Democrats Test Pro-Amnesty Messages for 2020 Elections

Central American migrants -mostly honduran- taking part in a caravan to the US, are pictured on board a truck heading to Irapuato in the state of Guanajuato on November 11, 2018 after spending the night in Queretaro in central Mexico. - The United States embarked Friday on a policy of …
ALFREDO ESTRELLA/AFP via Getty Images

Democrat pollsters are testing election messages to help Democrats justify a 2021 amnesty for millions of wage-cutting migrants, even as millions of Americans need jobs.

The survey, titled “Winning the Immigration Debate during COVID-19,” was taken in a June-to-July survey of 1,011 registered voters by Geoff Garin at Hart Research for the American Progress Action Fund. It tested voters’ responses to the alternative words and themes that can be used by Democratic candidates during the 2020 election.

For example, the survey won a 66 percent positive response to the statement that:

When our country emerges from the coronavirus pandemic, we will owe a significant debt of gratitude to those who worked at great personal risk on the frontlines, regardless of their immigration status.

“This is a textbook definition of a push poll,” said Rosemary Jenks, policy director at NumbersUSA. “They’re asking ‘Should we appreciate nurses and doctors? Well, yeah. Duh. But to say that Americans don’t support what Trump has done on immigration lately, that is just crazy.”

The survey repeatedly described illegal migrants as immigrants and “undocumented immigrants,” who voluntarily play a vital role in “providing essential services,” in preserving “critical infrastructure,” or working as “essential workers.” The survey did not mention that many blue-collar Americans are pushed out of those jobs by companies’ preference for cheaper illegals.

The survey refused to include any numbers, such as the current population of illegals, the number of Americans who need jobs, or the number of young Americans who will graduate from schools into the labor market.

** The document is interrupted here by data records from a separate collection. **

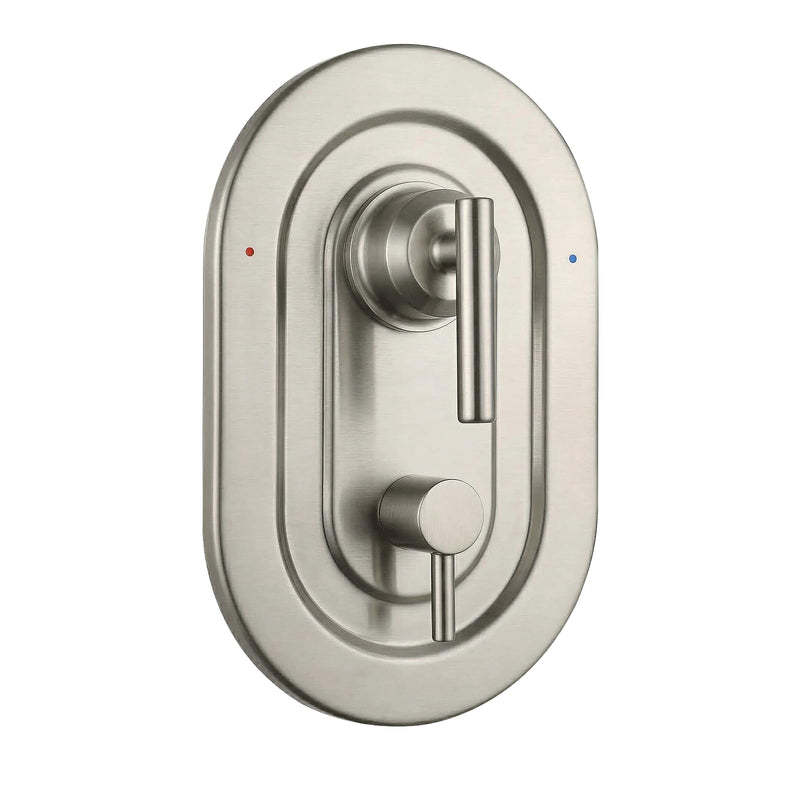 T2900BN Brushed Nickel Shower Handle 3-Function Transfer Valve Shower Trim Kit, Compatible with Moen T2900BN Gibson Posi-Temp Series, Multi-Function Shower Handle (Valve Not Included)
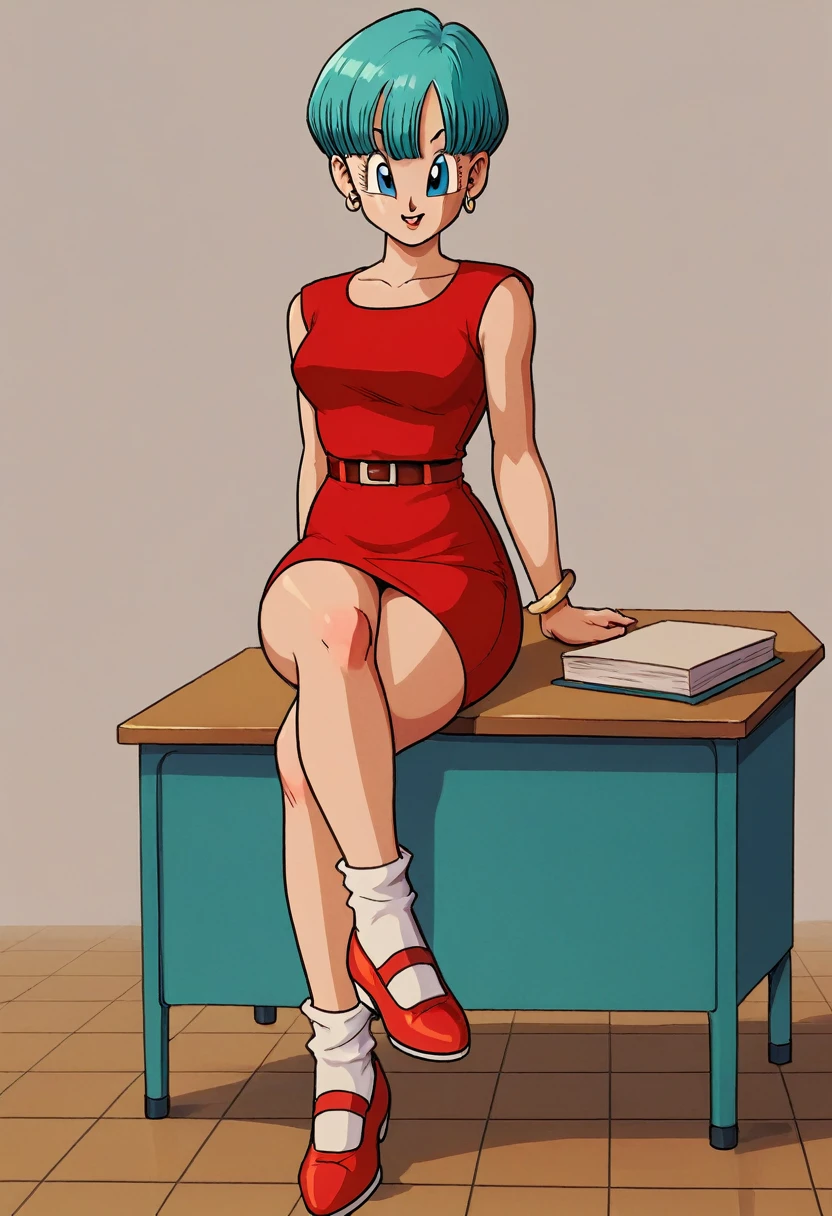 Bulma red dress legs crossed on a desk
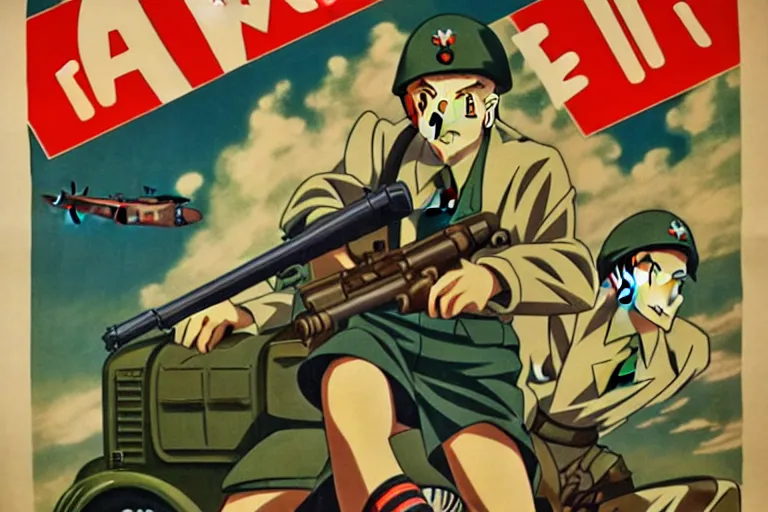 Image similar to 1940s, war, anime, poster, subaru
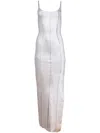 Fleur Du Mal Metallic-finish Corset Dress In Grey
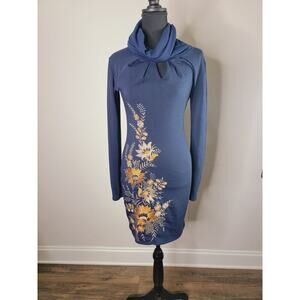 Navy Blue Long Sleeve Jersey Cozy Sweater Dress with Gold Design Floral Details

The survey did not mention any of the economic damage done to Americans, or the financial costs of importing more people, such as the rising costs of rent and real-estate.

The survey achieved a 65 percent positive response to this sentence:

During this crisis, immigrants across our nation, from janitors, to doctors, to farm workers, are working shoulder to shoulder with their fellow Americans to keep the country moving forward.

Illegal migrants provide a very small share of skilled workers, even though they are commonplace in the low-tech, labor-intensive farm and restaurant sectors.

Pro-migration activists are using the skewed survey to claim that Americans want more immigration, even during the economic crash.

The survey shows that “Trump is losing his argument on immigration,” said Francis Wilkonson, a pro-migration columnist for Mike Bloomberg’s pro-migration Bloomberg.com. Trump’s immigration curbs are driven by racism, not by decent pocketbook concerns about wages and jobs, Wilkinson insisted. “Restricting immigration is the policy dictated by his racial appeal, and his racial appeal is the bedrock of his politics. That foundation continues to crack.”

This poll testing of “messaging” words and themes is conducted by both parties.

Some pollsters, however, ask voters about their attitudes towards legal immigrants, visa workers, and illegal migrants.

For example, suburban women overwhelmingly support Trump’s policy of freezing the inflow of foreign workers until they, their husbands, and their children regain the jobs lost to the coronavirus crash, according to a poll of 1,810 likely voters by Rasmussen Reports.

Just 12 percent of swing-voting “moderate” suburban women, and just 19 percent of all likely voters, agreed that the government should “allow employers to import foreign workers to fill job openings instead of recruiting among these unemployed Americans.”

Rasmussen’s number should not be a surprise. Many polls — notably an April 2020 Washington Post poll — show that voters strongly prefer policies that pressure companies to hire Americans, even as they also tell pollsters that they want to welcome migrants.